The collaboration aims to develop a dual-payload ADC consisting of Synaffix’s exatecan-based technology and Qurient’s CDK7 inhibitor, aiming to target unmet medical needs in solid tumors. Under the terms of the agreement, Qurient will gain access to Lonza’s clinical-stage, site-specific ADC technology platform powered by Synaffix services including GlycoConnect antibody conjugation, HydraSpace polar spacer, and exatecan-based linker-payload technologies, as well as Lonza’s market-leading expertise and experience in developing and manufacturing bioconjugates.

Lonza will manufacture components related to its proprietary Synaffix technologies, and Qurient will perform the research, development, manufacturing and commercialization of the ADC, and manufacturing of Qurient’s CDK7 inhibitor.

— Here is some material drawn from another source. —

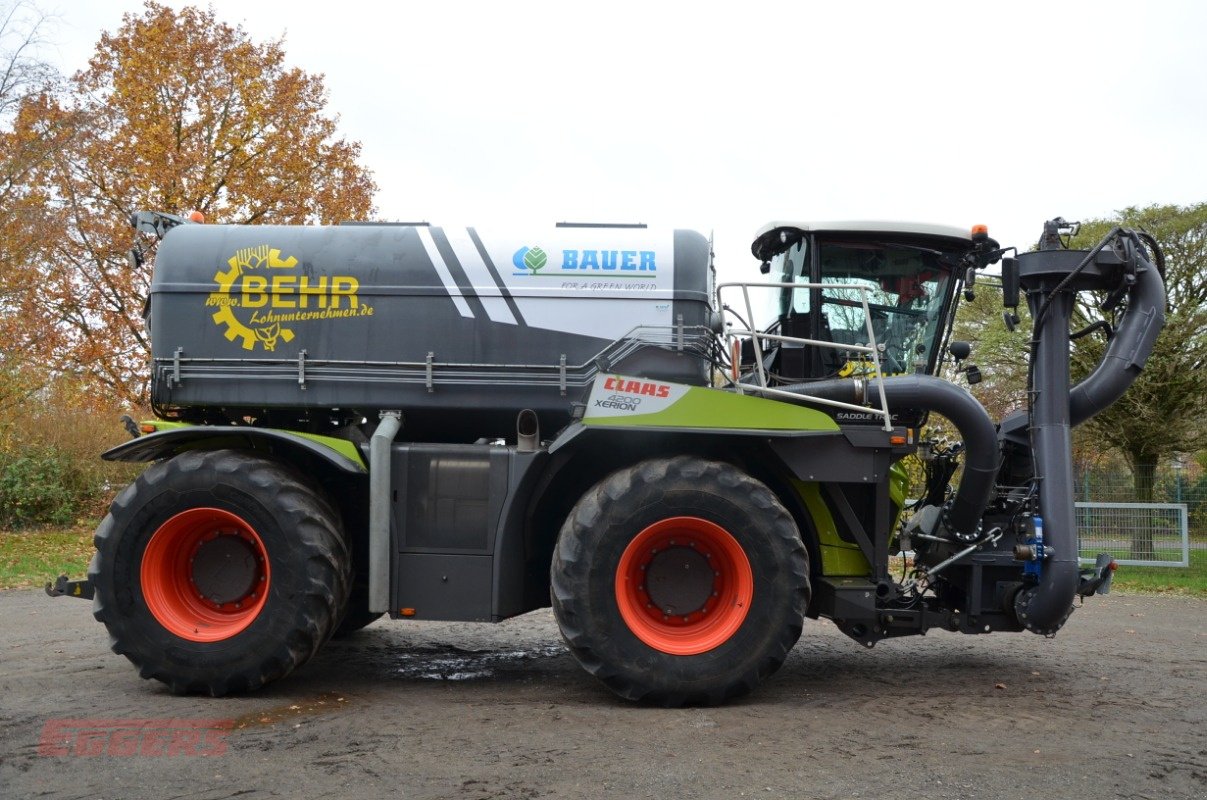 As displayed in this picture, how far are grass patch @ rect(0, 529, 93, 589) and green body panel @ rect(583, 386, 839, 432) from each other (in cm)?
1000

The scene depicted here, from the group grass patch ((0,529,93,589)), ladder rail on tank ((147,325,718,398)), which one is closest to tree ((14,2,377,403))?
grass patch ((0,529,93,589))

Peter van de Sande, Head of Synaffix, said: "This licensing collaboration with Qurient signifies the versatility of our industry-leading ADC platform technology. Enabling the development of a dual- payload ADC built with Synaffix technology reflects our drive to continue pioneering innovation in the field."

Kiyean Nam, CEO at Qurient, said: "Dual-payload ADCs represent the next frontier in targeted antibody therapeutics, and we look forward to advancing this novel combination of our CDK7 inhibitor and Synaffix’s SYNtecan linker-payload. The combination of our proprietary technology with Synaffix’s industry-leading platform has the potential to be applicable to a wider range of targets and antibodies, and we look forward to exploring those possibilities in the future."